The idea of mini is something different a bit eye catching at events


----------



## froggystyle

I would guess, and only a guess so dont quote me, the gas bottle has to be in a locker away from everything, that can contain it if it goes boom.

@thecoffeebean may be a good one to talk to on here.

Have to agree with Dave, having a machine in the back of a mini would mean lots of bending down, not good for your back, unless your Peter Dinklage doing some moonlighting away from GOT.


----------



## DavecUK

Stben said:


> The idea of mini is something different a bit eye catching at events


How about just doing fantastic coffee and snacks...perhaps even get into roasting your own off site and selling it. The Mini is expensive and impractical and I am almost 101% certain you will not be able to use an LPG tank made for car conversions in the way you want to. I think it will be a bottle separate from the car in it's own secure housing. To be honest if you don't like any of the existing solutions something like a Zaffiro, Agila, Fiat Doblo or similar ulgy square practical box would make a much better prospect. not Kool, but cheaper.
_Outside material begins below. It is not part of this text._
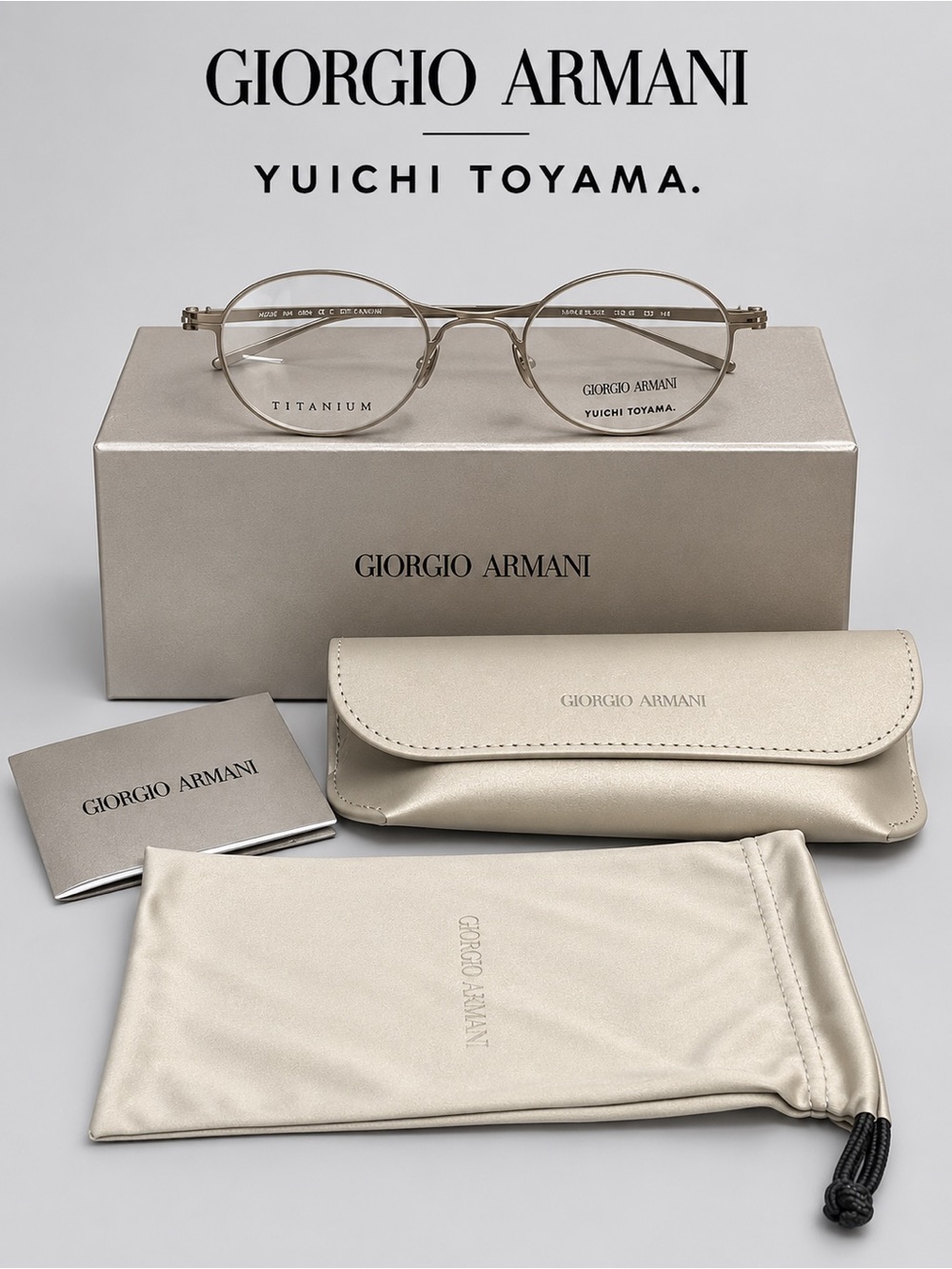 NEW Giorgio Armani x Yuichi Toyama AR5135-T 3355 Pale Gold Titanium Eyeglasses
....but if it's all about how it looks...then I guess you want a mini.


----------



## Jacko112

Instead of the MINI Hatch which as above says is space limiting, have you considered the MINI Clubvan? Should be a few second hand ones knocking around now & offers more space in the rear & lends itself better to signwriting (I used to work for MINI!). As its classed as a CV you'll be able to claim more back through the business too.


----------



## Jumbo Ratty

Stben said:


> it will be used at events along side my ice cream bike, not really every day use just weekends, galas and corporate events etc.


Seeing as how it will only be used occasionally id have to consider a trailer, otherwise you have all that investment of a car and the depreciation of it going to waste.

Have to also add the height of the machine in the back of the mini would cripple me after a morning.

Trailers look very versatile compared.

http://customcoffeevans.com.au/30-000-40-000-packages/


----------



## Stben

Yes it's mini I'm looking to convert, I know it doesn't offer the best space but has to be achievable ,

what are the options of using a gas cylinder does it have to be located in vehicle or situated next to it and obviously it needs to be contained in some sort of cover /housing


----------



## Stben

Yes it's mini I'm looking to convert, I know it doesn't offer the best space but has to be achievable ,

what are the options of using a gas cylinder does it have to be located in vehicle or situated next to it and obviously it needs to be contained in some sort of cover /housing


----------



## Jon

For gas it needs to be in a vented locker - or you can have it freestanding outside of the vehicle I believe. Feel free to correct me if you know otherwise as my knowledge is a little outdated.


----------



## dillonmr

As someone who loves coffee and is also a long term mini owner I'd query how low the boot is to the ground for what you want it to do?


----------



## Jumbo Ratty

dillonmr said:


> As someone who loves coffee and is also a long term mini owner *I'd query how low the boot is to the ground* for what you want it to do?





Jumbo Ratty said:


> http://www.trikeidea.com/products/roadrunner-juice-bar-2-1/





Jumbo Ratty said:


> Have to also add the height of the machine in the back of the mini would cripple me after a morning.


If you click on the link then click on the photos you can see someone struggling to operate a machine in the back : its photo 4.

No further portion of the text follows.